We provide opulent surface finishes in a variety of contemporary textures, colours and styles, as well as conventional marmarino and venetian plastering. We specialise in bespoke design, using techniques such as trowelling, banding, blockwork, and stencilling. We are typically commissioned to undertake feature walls, columns, ceilings, domes, niches, stairways, porticos, corporate logos, foyeurs and receptions.


What is Venetian plaster?

Venetian plaster is a famous Italian feature wall and ceiling finish that can be applied by a professional to create a stone, marble or concrete-like look quickly, on a few millimetres thickness.

Venetian plaster is sometimes called polished plaster, decorative plaster, marble plaster, polished stucco, Italian stucco and Venetian stucco.

Venetian plaster is a durable, eco-friendly and light-weight decorative option that can last hundreds of years and has been used since Roman times.

We can discern between traditional, lime-based and acrylic Venetian plasters and even though many of them can produce the same look, they can be of completely different consistency, with different characteristics. These differences help the applicators to choose the right plaster for their style and specifier to find the plaster with the right characteristic with the same look.

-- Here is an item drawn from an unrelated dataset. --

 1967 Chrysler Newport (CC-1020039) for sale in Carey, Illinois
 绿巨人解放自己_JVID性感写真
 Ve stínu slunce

Venetian plaster can be considered an applied art and is generally applied by specialists as the skill level and experience needed to create a specified look is high.

 

 


The History of Venetian plaster

Venetian plaster was first used in ancient Rome because of its look, durability and lightness. Vitruvius the famous Roman architect was the first to write about the compact lime finishes with a marble look in his De Architettura which were applied on as many as eight coats on the exterior of noble houses.

Sometimes people confuse the origins of Venetian plaster with that of lime and lime finishes and state that it comes from ancient Egypt. That's is a misunderstanding as although Egypt had access to ample quantities of lime, but never had any marble quarries, unlike Italy, so it's impossible that it could have developed a finish without a resources that would be naturally available. Admittedly, the use of lime plaster was first documented in ancient Egypt. The same is true for placing the origins of Venetian plasters in France where actually marble is rare and is primarily available in red colour only whereas white is needed for Venetian plasters.

The Venetian plaster technique was largely forgotten in the Middle Ages and it was only revived in the 16th century by the Italian architect Andrea Palladio, who re-discovered these decorative plasters when he was searching for light-weight solutions for the palazzos of Venice. He used the left-over marble powder and small chunks of the Italian marble quarries that once grinded, mixed with lime paste and organic to imitate the look of real marble, without it's weight or cost.

The third, modern age of Venetian plastering started when the famous Italian architect, Carlo Scarpa, influenced by Japanese minimalism and Italian traditions started to use and develop acrylic and some lime-based Venetian plasters. One of the hist best work featuring Venetian plaster feature walls and ceilings can be seen in the Olivetti shop in Venice, close to the St Mark Square.